I generally move on to another pursuit like writing, or “making” craft type objects. Sometimes I read about famous artists, to get me in the mood. On those occasions where I can’t “get a thing right” I just keep painting until I find it.
How do you know something is ‘finished’? Is it easy to walk away?
I do what Wyeth called “paint by numbers”, when I have filled it all in I stop and walk away. I almost always come back later and “fix” something, but once I am at that place I rarely do make large changes.
Have you had exhibits in galleries?
Yes, several over the years, starting with the Flatlands and JC Penny shows in 1975 and going forward for over 40 years. I have not really had a great deal of success in brick and mortar galleries, even though I have had quite a number of exhibits. Of course one must keep trying, the internet has been a boon to obscure artists who can now get their images to the world.
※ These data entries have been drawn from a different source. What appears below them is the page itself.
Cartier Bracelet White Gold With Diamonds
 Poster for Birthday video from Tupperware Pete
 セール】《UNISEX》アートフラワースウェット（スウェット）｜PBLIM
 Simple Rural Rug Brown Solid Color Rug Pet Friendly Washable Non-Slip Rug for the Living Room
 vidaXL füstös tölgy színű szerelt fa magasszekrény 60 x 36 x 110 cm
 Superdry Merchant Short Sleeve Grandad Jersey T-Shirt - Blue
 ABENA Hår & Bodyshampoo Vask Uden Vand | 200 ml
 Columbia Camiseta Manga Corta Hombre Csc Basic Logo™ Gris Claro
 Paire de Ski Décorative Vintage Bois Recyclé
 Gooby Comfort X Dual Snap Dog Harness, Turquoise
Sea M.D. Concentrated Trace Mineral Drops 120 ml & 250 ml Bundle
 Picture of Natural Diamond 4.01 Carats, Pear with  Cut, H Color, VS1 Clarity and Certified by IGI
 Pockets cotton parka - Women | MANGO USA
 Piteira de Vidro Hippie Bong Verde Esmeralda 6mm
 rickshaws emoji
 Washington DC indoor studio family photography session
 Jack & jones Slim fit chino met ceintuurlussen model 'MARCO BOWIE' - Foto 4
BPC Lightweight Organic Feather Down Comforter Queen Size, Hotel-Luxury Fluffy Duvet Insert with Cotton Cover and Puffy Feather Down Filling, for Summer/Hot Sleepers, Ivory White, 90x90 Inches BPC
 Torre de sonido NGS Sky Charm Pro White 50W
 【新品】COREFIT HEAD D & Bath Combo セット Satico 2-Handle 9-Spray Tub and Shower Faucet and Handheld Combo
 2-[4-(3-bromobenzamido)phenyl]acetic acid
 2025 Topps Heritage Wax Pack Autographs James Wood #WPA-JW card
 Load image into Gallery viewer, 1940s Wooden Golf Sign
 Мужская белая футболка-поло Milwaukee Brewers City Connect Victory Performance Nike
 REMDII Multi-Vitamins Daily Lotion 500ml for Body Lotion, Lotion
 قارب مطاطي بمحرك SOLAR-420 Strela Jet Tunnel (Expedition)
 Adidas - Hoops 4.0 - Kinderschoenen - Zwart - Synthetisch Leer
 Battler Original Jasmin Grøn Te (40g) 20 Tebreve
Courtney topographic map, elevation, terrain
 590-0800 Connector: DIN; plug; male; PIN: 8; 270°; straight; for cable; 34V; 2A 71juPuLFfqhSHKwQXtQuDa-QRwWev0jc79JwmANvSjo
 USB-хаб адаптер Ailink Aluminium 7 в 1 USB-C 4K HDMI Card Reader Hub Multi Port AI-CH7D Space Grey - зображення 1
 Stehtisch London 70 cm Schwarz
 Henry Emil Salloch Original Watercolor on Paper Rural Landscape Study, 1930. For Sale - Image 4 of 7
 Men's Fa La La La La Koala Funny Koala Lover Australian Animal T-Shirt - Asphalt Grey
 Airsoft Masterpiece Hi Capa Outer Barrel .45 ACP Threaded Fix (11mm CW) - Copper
Have you any exhibits in galleries planned for the future?
Yes I am in discussions with a gallery and another artist for the gallery opening. Our styles mesh nicely and we are talking about a charity event to help a community while we get exposure and perhaps sell some work. Hoping for fall 2016. I also have a show coming up in October connected with a small town festival. Plus, I have several pieces entered in two contests.
What are you currently working on?
I just completed a large portrait of a young artist who is a frequent visitor in my home. My next painting will be a self portrait of me as a famous person from history. I have done nine so far, so this will be my tenth. I also completed a portrait of a young girl drawing at the Whitney in NYC. I just returned from Europe (Spain and France) with a camera full of possible images.
What are your plans for the future?
To paint, draw, write, and make as long as I can. I am working on selling more. I have eight works in Santa Fe, NM for sale, one has sold.
What was the best advice given to you as an artist?
Go to school and learn. Then never stop learning. Paint yes, but also read, read, read.
What advice would you give new artists?
Marry well. I tell this to others as a semi-serious joke. Because my wife is successful, I have been afforded the luxury of travel and have been encouraged to do my work as an artist for over 40 years. I myself had a very successful career as a graphics designer, just another way of being an artist. Also, seriously study your art history. With the internet there is no good reason for being ignorant about art and art history.
Have you done any courses to help you?
Certainly, I have taken drawing classes with my boys when they were younger. In 2003 I did a painting intensive at San Francisco Art Inst. Studying under Larry Abramson. Then in 2006 I did an advanced painting intensive at the OxBow School (Chicago Art Inst.) with Phil Hanson and Michelle Grabner.
What do you do to market your work?
I have a site on Saatchi and Fine Art America and a couple of other art sites. I promote to, and through my buyers. Of course a Face Book presence. I put on one man shows, I entertain potential clients and art types in my home.
Do you use social networking in your day to day life?
Really only Face Book at this time.
Are you available for work (commissions)?
Yes, I have done many commissions. But I turn down jobs that don’t fit my oeuvre. The most difficult commission I undertook was a client who asked for a painting of his grandfathers, the difficult part was that he wanted three (identical) original paintings of the same people. It was tough but I made the client happy.
Have you got hobbies?
Other than painting, writing, and making craft type items? Isn’t that enough? With my writing I have written one novel, a mini novel, and many short stories. My craft items include: walking sticks, canes, stone blade knives, decorative war clubs, stone tipped arrows, and wooden spoons. I find the hands on quality of “making” to be a great physical release, and the sculptural qualities of the finished products more art than craft.
Where are you based?
I live in the USA in the Kansas City, Missouri area in a small town called Parkville. We have a lovely country home surrounded by woods and overlooking the Missouri river. We have lived in Iowa, Kansas, Ohio, Pennsylvania, California, New Jersey, and now Missouri. My wife maintains a residence in Durham, North Carolina where I often travel and work.